Petra Volpe’s “Late Shift,” a workplace thriller set in the cancer ward of a Swiss hospital, draws our attention to two objects: a new pair of sneakers, which nurse Floria (Leonie Benesch) whips out of the box at the beginning of the film; and a testy patient’s Rolex. Floria may be prepared to hit the ground running when she starts her shift, but time is not on her side — neither is it for the over two dozen patients waiting to start their surgeries, or get their medications, or finally talk to a doctor.
Here, you’ll get none of the spectacular injuries or group huddles of the TV series “The Pitt,” but “Late Shift” does, similarly, cover a single work rotation through the course of its running time. The focus is Floria, who tends to her duties as if performing a one-woman show. The Cinematographer Judith Kaufmann’s camera trails her with long, gliding shots that bring out the improvisational demands of her job: Getting painkillers for one patient means running into another’s demanding children in the hallway or catching yet another smoking a cigarette on the balcony. On top of this, one of three regular nurses is out sick, and a student nurse creates as many problems as she helps solve.

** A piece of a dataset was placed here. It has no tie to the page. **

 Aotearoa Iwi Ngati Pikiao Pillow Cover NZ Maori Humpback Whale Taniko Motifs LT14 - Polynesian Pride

Benesch’s beautifully controlled performance — a balancing act of anxious, fidgety physicality and poker-faced concentration — shows us the difficulty of honoring each patient’s humanity when workplace conditions demand efficiency over empathy.

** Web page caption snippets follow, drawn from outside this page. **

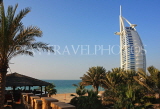 UAE, DUBAI, Burj al Arab Hotel, and beach, UAE340JPL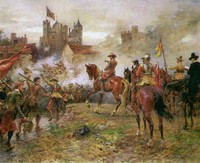 Oliver Cromwell at the storming of Basing House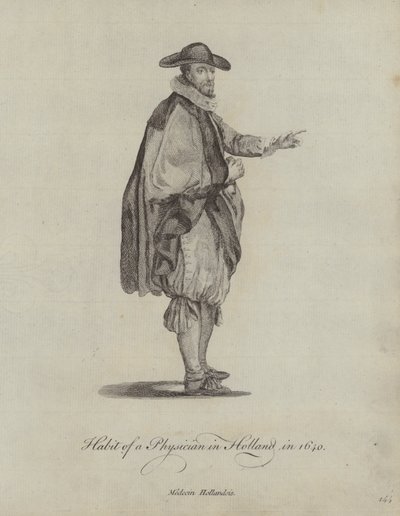 1640年のオランダの医師の習慣 作： English School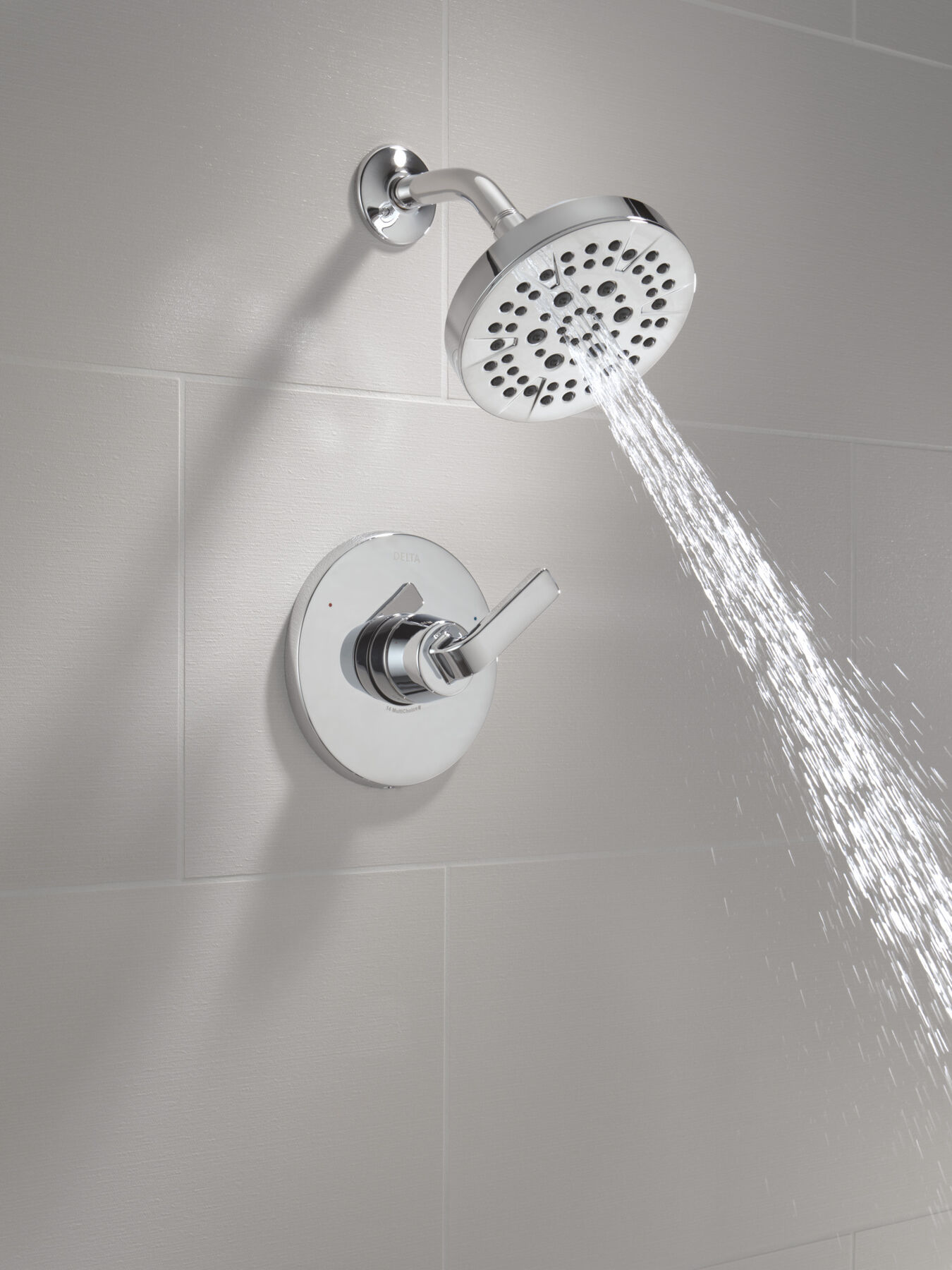 Widespread Lavatory Faucet with 14 Series Shower Trim and Bathroom Accessories Bundle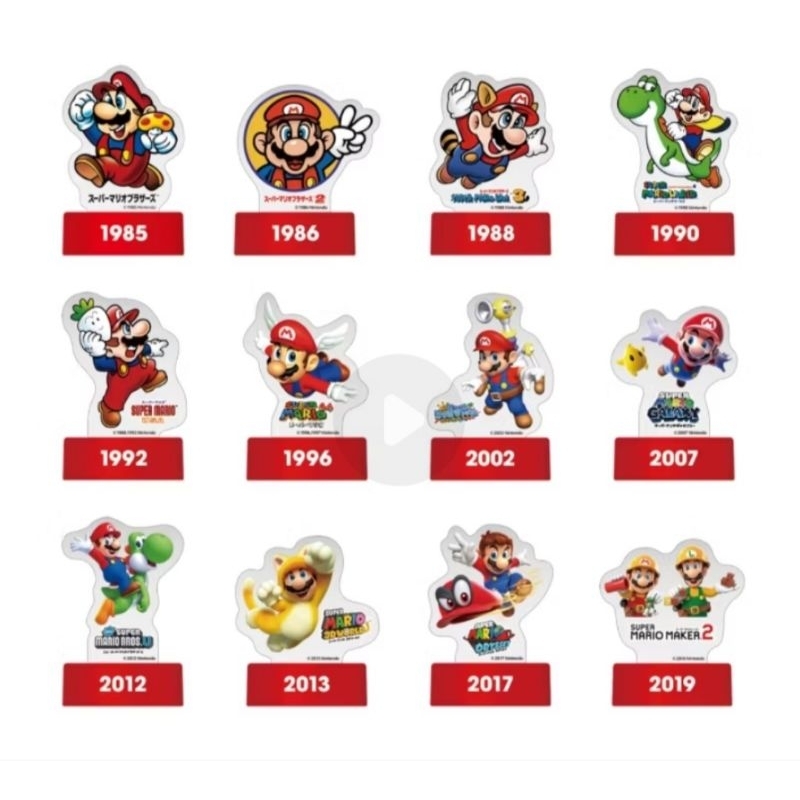 SUPER MARIO 35th ANNIVERSARY ACRYLIC DISPLAY FIGURE  7-11 (มือ 2)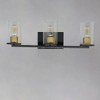 Maxim Lighting Sleek 3 - Light Vanity in  Antique Brass/Black - 3 of 4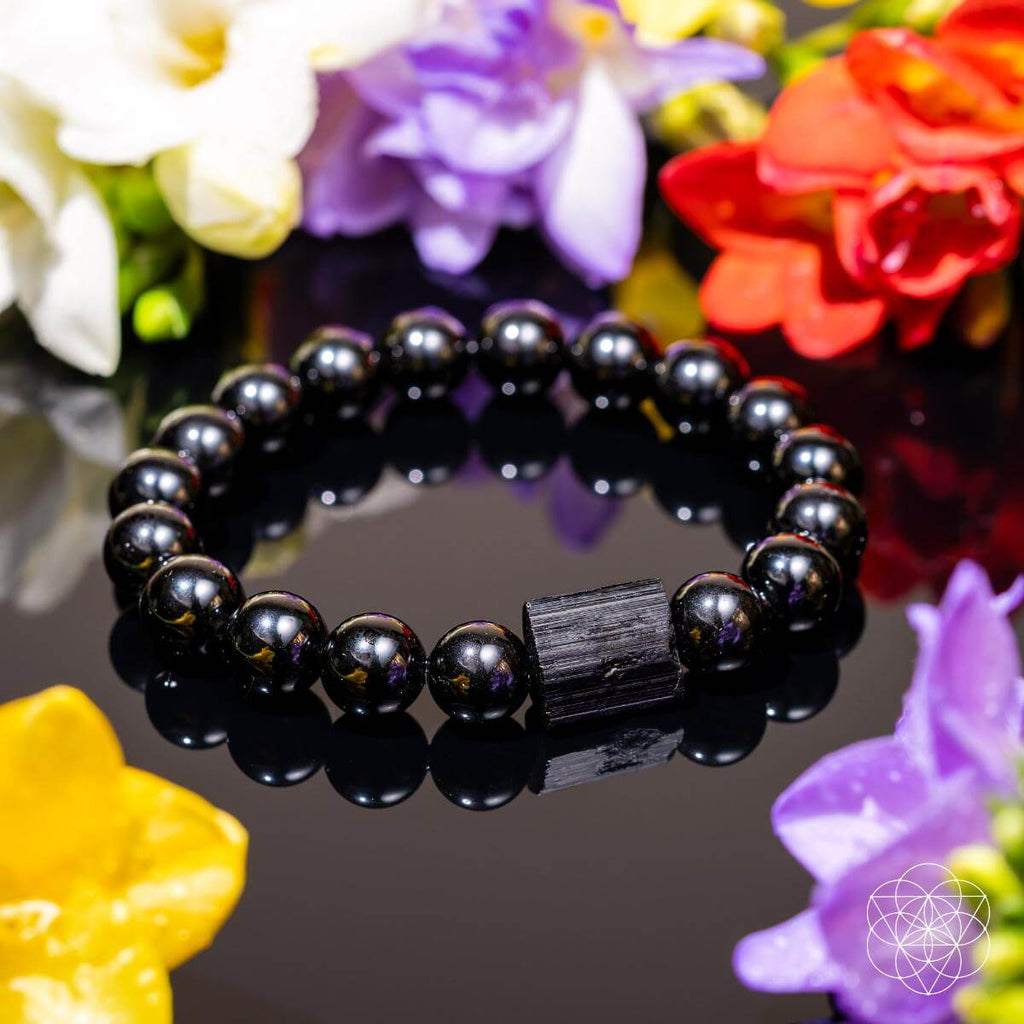 Habit Breaker - Black Obsidian & Tourmaline Bracelet - Inner Stride Official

Still, this message runs thin as the story progresses, a bit too evenly, through its various cases, giving the film a languid, repetitious quality. Title cards at the end remind us that there is a global staffing shortage in the nursing industry, but the film’s basic message of facedown perseverance hardly matches this state of emergency.
Late Shift Not rated. Running time: 1 hour 32 minutes. In theaters.